The proper identification of indicators of compromise (IoCs) — whether generated from misguided negligence, a well-intentioned operational change, or the acts of a malicious insider or external attacker via compromised account credentials — often occurs only after data exfiltration has succeeded.
Fortunately, IT infrastructure (secifically, application processes, workloads, sessions, and network connections) doesn't lie. It tells the tale with a trail of threat crumbs that can be observed well before the breach has done its damage. And to find and collect those crumbs, targeted monitoring of IT infrastructure and application behavior remains the most effective way to detect and hopefully shut down attacks in progress.

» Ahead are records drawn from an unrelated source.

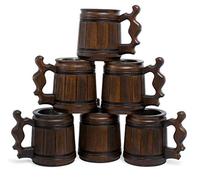 MyFancyCraft Boccale da birra in legno, 284 ml, tazza da caffè, boccale da birra in legno, realizzato a mano, regali per uomini, festa del papà, Natale o compleanno, classico, marrone, confezione da 6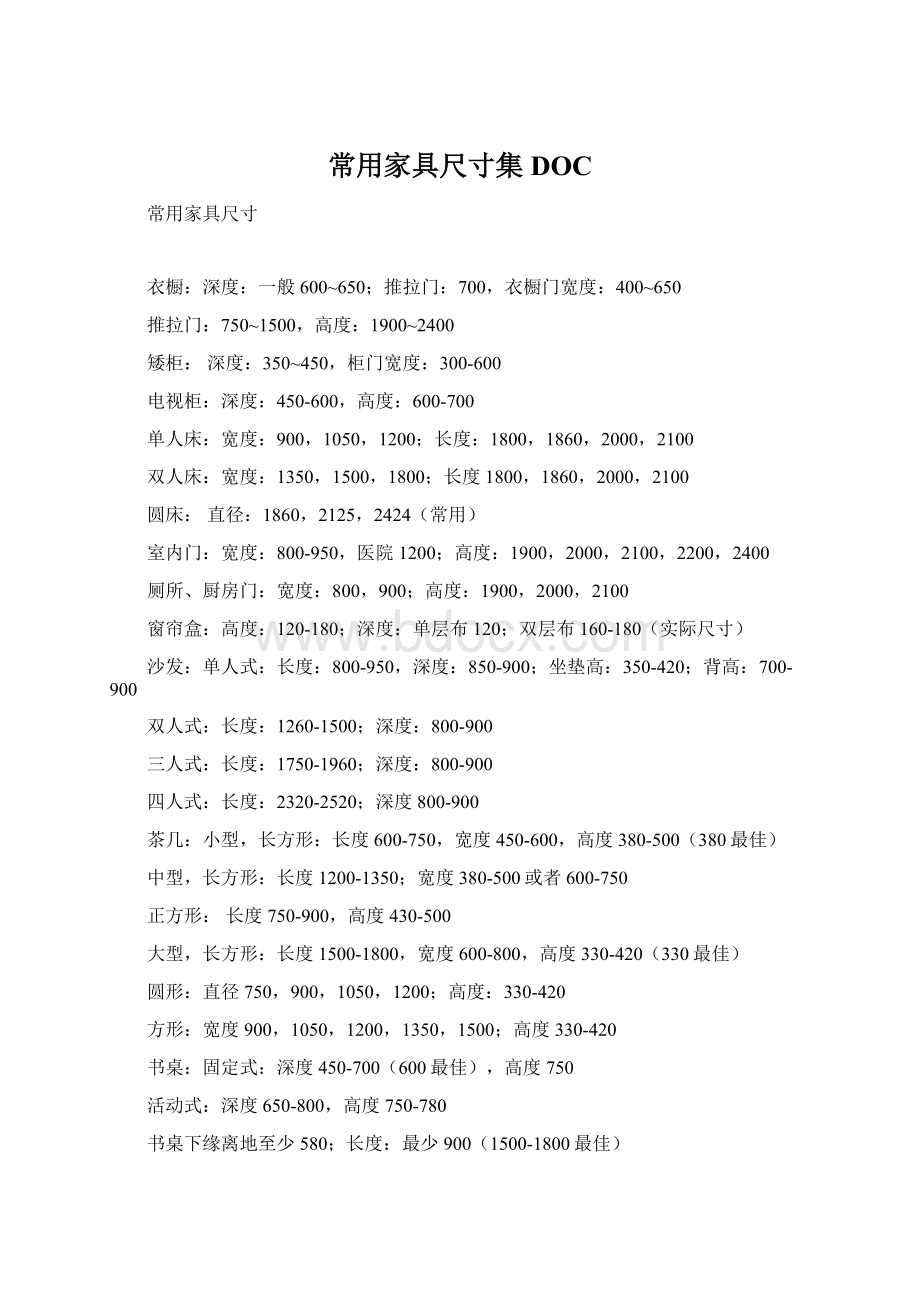 常用家具尺寸集DOC.docx_第1页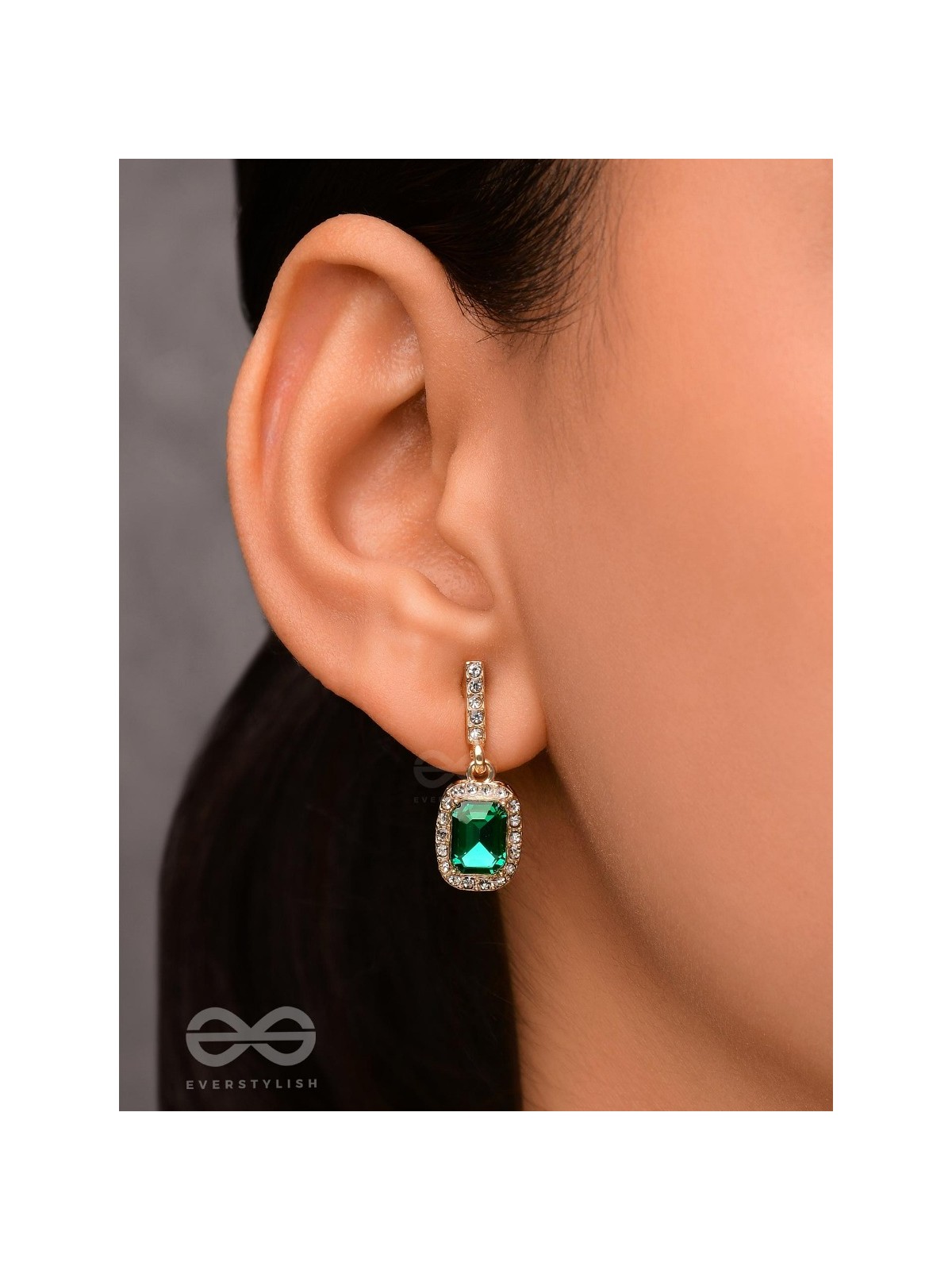 GLOWING GLIMMERS - SILVER AND GREEN EMBELLISHED EARRINGS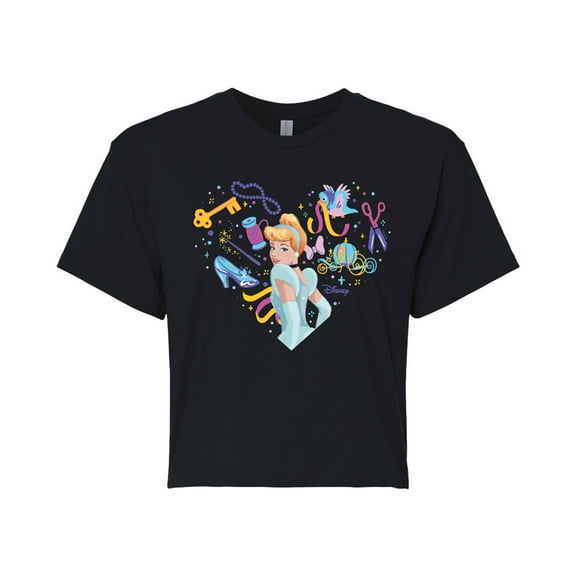 Disney Princess - Heart Cinderella - Junior's Cropped T-Shirt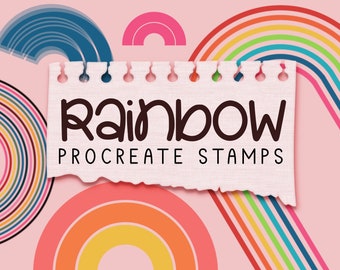 Rainbow Procreate Brush Stamps | Retro, Boho Styles (Digital Download)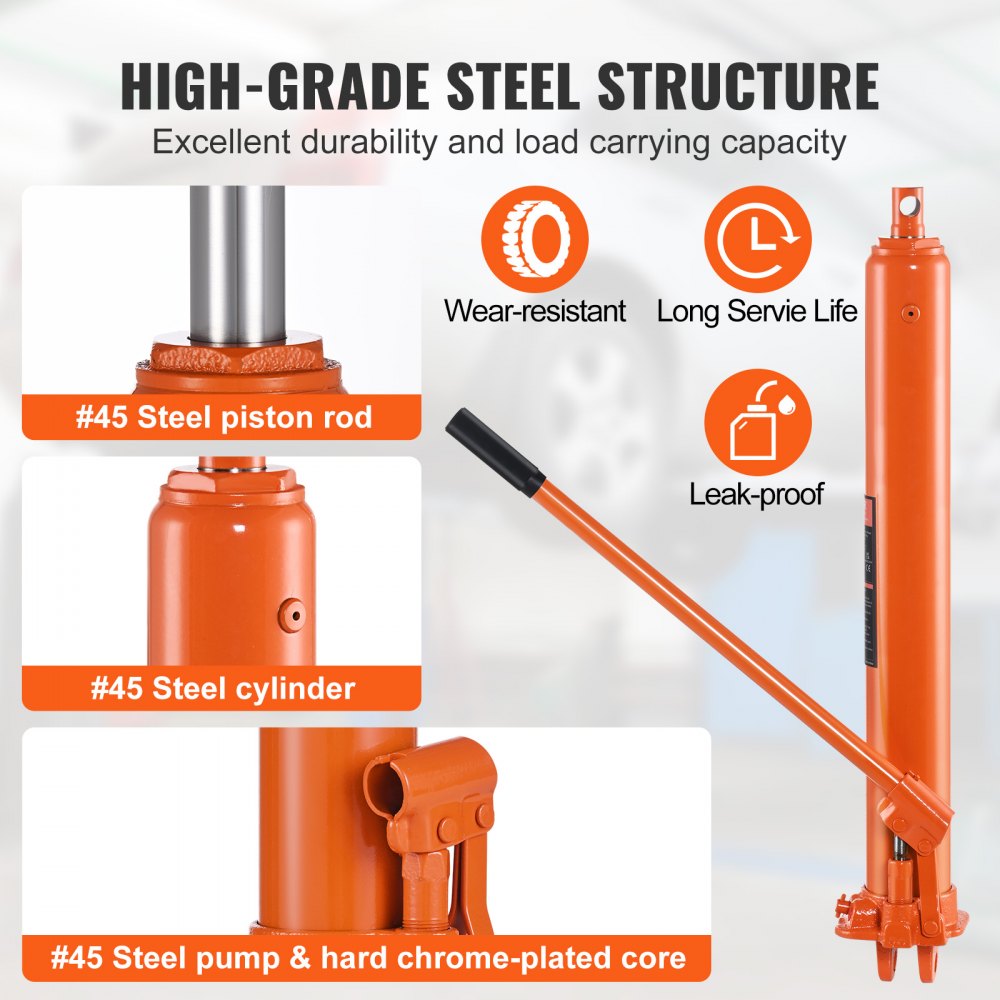 VEVOR Hydraulic Long Ram Jack, 3 Ton Engine Hoist Cylinder with Single Piston Pump And Clevis Base, Hydraulic Ram Cylinder for Engine Lift Hoists, Hydraulic Garage/Shop Cranes, Mechanical, Farm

Let's consider which specific crumbs, or telemetry, are best to use and how they can help organizations respond to threats earlier in the kill chain.
It all starts with a process. Consider a shell script or Java app — the time, process identifier (pid), arguments, and checksum of the process are all important factors.
For instance, in brute-force or other more sophisticated attacks, a rogue change in process behavior offers the first IoC — like the result of an attacker living off the land. So, implementing techniques with the fidelity to detect rogue process behavior is a critical front-line defense.
Modern business applications are distributed across the enterprise and its data centers and cloud instances. With their network traffic flowing across these different environments, between their APIs, with Internet of Things platforms and now leveraging containers and microservices, network metrics without context are useless. It is essential to have in-depth understanding of both interprocess and interapplication network traffic to gain and develop the context necessary to understand what's normal and what's not.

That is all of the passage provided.